**REQUIRED ACTION**.
All entries should be output exactly as they stand.

[Start of section]

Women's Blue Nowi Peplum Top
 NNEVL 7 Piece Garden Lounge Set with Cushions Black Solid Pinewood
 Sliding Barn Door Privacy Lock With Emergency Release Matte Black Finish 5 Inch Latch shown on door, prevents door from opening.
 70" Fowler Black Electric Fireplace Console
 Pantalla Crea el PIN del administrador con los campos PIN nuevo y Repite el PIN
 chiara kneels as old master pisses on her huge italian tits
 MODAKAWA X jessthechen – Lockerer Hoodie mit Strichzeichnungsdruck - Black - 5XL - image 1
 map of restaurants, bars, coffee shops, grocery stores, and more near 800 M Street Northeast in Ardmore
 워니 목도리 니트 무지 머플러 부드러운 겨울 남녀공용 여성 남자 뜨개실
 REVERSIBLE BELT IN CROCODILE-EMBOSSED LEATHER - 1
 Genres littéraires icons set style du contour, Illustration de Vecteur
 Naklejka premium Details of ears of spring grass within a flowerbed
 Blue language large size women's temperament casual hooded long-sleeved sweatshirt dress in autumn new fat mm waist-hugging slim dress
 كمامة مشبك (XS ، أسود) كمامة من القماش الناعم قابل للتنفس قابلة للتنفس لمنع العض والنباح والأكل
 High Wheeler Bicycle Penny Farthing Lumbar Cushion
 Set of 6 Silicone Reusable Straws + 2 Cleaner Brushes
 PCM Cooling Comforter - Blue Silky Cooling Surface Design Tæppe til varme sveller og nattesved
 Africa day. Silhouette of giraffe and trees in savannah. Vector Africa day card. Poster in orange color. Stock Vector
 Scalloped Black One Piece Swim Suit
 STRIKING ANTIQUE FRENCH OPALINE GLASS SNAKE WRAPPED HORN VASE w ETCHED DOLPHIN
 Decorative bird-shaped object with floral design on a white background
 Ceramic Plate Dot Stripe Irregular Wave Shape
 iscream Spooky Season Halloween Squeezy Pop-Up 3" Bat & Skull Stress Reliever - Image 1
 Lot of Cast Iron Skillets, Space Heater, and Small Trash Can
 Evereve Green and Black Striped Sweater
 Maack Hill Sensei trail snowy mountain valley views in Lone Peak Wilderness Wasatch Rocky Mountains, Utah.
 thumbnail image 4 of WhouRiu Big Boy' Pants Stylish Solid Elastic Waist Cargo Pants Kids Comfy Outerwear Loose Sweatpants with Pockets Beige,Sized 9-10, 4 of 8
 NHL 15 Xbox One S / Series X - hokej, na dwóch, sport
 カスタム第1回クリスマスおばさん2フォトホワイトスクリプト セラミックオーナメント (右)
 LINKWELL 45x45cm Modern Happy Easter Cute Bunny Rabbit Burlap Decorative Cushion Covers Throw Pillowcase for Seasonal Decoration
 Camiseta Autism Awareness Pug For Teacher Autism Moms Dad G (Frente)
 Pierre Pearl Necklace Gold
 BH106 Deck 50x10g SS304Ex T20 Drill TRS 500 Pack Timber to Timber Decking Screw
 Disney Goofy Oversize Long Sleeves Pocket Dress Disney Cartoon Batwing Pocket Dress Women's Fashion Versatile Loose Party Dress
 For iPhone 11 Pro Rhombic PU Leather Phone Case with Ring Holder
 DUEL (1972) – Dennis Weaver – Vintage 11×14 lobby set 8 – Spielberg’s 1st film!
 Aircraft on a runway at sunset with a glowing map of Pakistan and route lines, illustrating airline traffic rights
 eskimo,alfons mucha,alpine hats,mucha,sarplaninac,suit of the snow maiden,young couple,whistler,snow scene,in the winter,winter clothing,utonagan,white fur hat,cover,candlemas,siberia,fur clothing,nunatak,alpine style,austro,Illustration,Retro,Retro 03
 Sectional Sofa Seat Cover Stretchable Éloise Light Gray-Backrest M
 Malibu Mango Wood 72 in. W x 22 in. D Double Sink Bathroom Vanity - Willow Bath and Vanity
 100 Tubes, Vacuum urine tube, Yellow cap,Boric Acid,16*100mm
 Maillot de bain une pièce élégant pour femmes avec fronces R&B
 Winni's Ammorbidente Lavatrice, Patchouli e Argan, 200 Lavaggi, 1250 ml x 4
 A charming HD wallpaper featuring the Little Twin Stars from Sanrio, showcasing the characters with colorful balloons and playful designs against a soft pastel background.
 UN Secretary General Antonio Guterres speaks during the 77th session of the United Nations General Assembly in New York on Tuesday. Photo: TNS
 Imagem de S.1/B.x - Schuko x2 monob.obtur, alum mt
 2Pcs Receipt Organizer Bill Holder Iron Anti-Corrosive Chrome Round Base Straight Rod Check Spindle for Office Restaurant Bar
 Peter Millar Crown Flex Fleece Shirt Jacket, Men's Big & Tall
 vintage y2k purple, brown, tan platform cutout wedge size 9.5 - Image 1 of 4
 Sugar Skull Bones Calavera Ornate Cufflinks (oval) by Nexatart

[End of section]

**EXERCISE RESPONSE**.
Women's Blue Nowi Peplum Top
 NNEVL 7 Piece Garden Lounge Set with Cushions Black Solid Pinewood
 Sliding Barn Door Privacy Lock With Emergency Release Matte Black Finish 5 Inch Latch shown on door, prevents door from opening.
 70" Fowler Black Electric Fireplace Console
 Pantalla Crea el PIN del administrador con los campos PIN nuevo y Repite el PIN
 chiara kneels as old master pisses on her huge italian tits
 MODAKAWA X jessthechen – Lockerer Hoodie mit Strichzeichnungsdruck - Black - 5XL - image 1
 map of restaurants, bars, coffee shops, grocery stores, and more near 800 M Street Northeast in Ardmore
 워니 목도리 니트 무지 머플러 부드러운 겨울 남녀공용 여성 남자 뜨개실
 REVERSIBLE BELT IN CROCODILE-EMBOSSED LEATHER - 1
 Genres littéraires icons set style du contour, Illustration de Vecteur
 Naklejka premium Details of ears of spring grass within a flowerbed
 Blue language large size women's temperament casual hooded long-sleeved sweatshirt dress in autumn new fat mm waist-hugging slim dress
 كمامة مشبك (XS ، أسود) كمامة من القماش الناعم قابل للتنفس قابلة للتنفس لمنع العض والنباح والأكل
 High Wheeler Bicycle Penny Farthing Lumbar Cushion
 Set of 6 Silicone Reusable Straws + 2 Cleaner Brushes
 PCM Cooling Comforter - Blue Silky Cooling Surface Design Tæppe til varme sveller og nattesved
 Africa day. Silhouette of giraffe and trees in savannah. Vector Africa day card. Poster in orange color. Stock Vector
 Scalloped Black One Piece Swim Suit
 STRIKING ANTIQUE FRENCH OPALINE GLASS SNAKE WRAPPED HORN VASE w ETCHED DOLPHIN
 Decorative bird-shaped object with floral design on a white background
 Ceramic Plate Dot Stripe Irregular Wave Shape
 iscream Spooky Season Halloween Squeezy Pop-Up 3" Bat & Skull Stress Reliever - Image 1
 Lot of Cast Iron Skillets, Space Heater, and Small Trash Can
 Evereve Green and Black Striped Sweater
 Maack Hill Sensei trail snowy mountain valley views in Lone Peak Wilderness Wasatch Rocky Mountains, Utah.
 thumbnail image 4 of WhouRiu Big Boy' Pants Stylish Solid Elastic Waist Cargo Pants Kids Comfy Outerwear Loose Sweatpants with Pockets Beige,Sized 9-10, 4 of 8
 NHL 15 Xbox One S / Series X - hokej, na dwóch, sport
 カスタム第1回クリスマスおばさん2フォトホワイトスクリプト セラミックオーナメント (右)
 LINKWELL 45x45cm Modern Happy Easter Cute Bunny Rabbit Burlap Decorative Cushion Covers Throw Pillowcase for Seasonal Decoration
 Camiseta Autism Awareness Pug For Teacher Autism Moms Dad G (Frente)
 Pierre Pearl Necklace Gold
 BH106 Deck 50x10g SS304Ex T20 Drill TRS 500 Pack Timber to Timber Decking Screw
 Disney Goofy Oversize Long Sleeves Pocket Dress Disney Cartoon Batwing Pocket Dress Women's Fashion Versatile Loose Party Dress
 For iPhone 11 Pro Rhombic PU Leather Phone Case with Ring Holder
 DUEL (1972) – Dennis Weaver – Vintage 11×14 lobby set 8 – Spielberg’s 1st film!
 Aircraft on a runway at sunset with a glowing map of Pakistan and route lines, illustrating airline traffic rights
 eskimo,alfons mucha,alpine hats,mucha,sarplaninac,suit of the snow maiden,young couple,whistler,snow scene,in the winter,winter clothing,utonagan,white fur hat,cover,candlemas,siberia,fur clothing,nunatak,alpine style,austro,Illustration,Retro,Retro 03
 Sectional Sofa Seat Cover Stretchable Éloise Light Gray-Backrest M
 Malibu Mango Wood 72 in. W x 22 in. D Double Sink Bathroom Vanity - Willow Bath and Vanity
 100 Tubes, Vacuum urine tube, Yellow cap,Boric Acid,16*100mm
 Maillot de bain une pièce élégant pour femmes avec fronces R&B
 Winni's Ammorbidente Lavatrice, Patchouli e Argan, 200 Lavaggi, 1250 ml x 4
 A charming HD wallpaper featuring the Little Twin Stars from Sanrio, showcasing the characters with colorful balloons and playful designs against a soft pastel background.
 UN Secretary General Antonio Guterres speaks during the 77th session of the United Nations General Assembly in New York on Tuesday. Photo: TNS
 Imagem de S.1/B.x - Schuko x2 monob.obtur, alum mt
 2Pcs Receipt Organizer Bill Holder Iron Anti-Corrosive Chrome Round Base Straight Rod Check Spindle for Office Restaurant Bar
 Peter Millar Crown Flex Fleece Shirt Jacket, Men's Big & Tall
 vintage y2k purple, brown, tan platform cutout wedge size 9.5 - Image 1 of 4
 Sugar Skull Bones Calavera Ornate Cufflinks (oval) by Nexatart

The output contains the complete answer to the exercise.